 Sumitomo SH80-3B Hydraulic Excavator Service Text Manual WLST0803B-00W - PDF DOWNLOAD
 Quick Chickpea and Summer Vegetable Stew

--

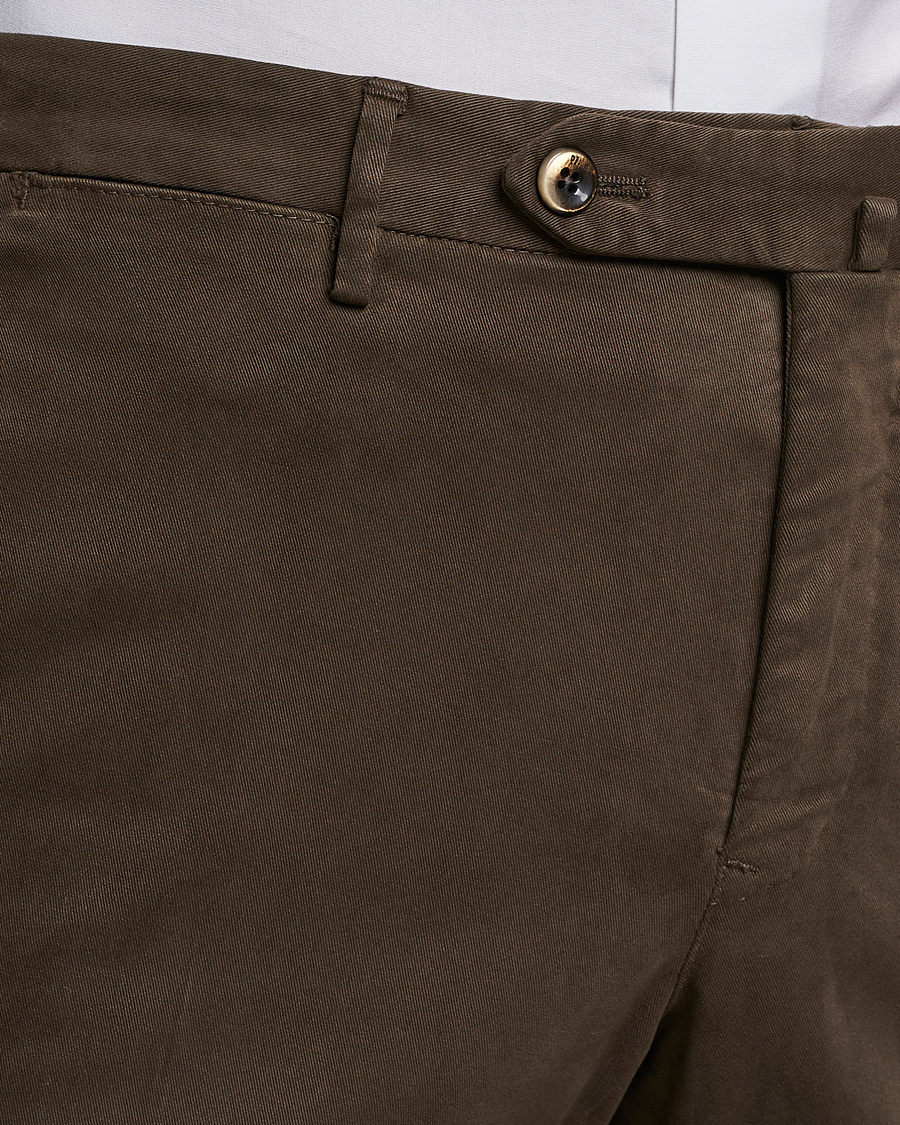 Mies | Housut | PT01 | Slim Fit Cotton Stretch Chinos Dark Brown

**Problem**: Start with the line above that contains "Sumitomo SH80-3B Hydraulic" and end with the line that contains "Quick Chickpea and Summer Vegetable Stew". Write out those lines exactly, and only those.

**Answer space**:
 Sumitomo SH80-3B Hydraulic Excavator Service Text Manual WLST0803B-00W - PDF DOWNLOAD
 Quick Chickpea and Summer Vegetable Stew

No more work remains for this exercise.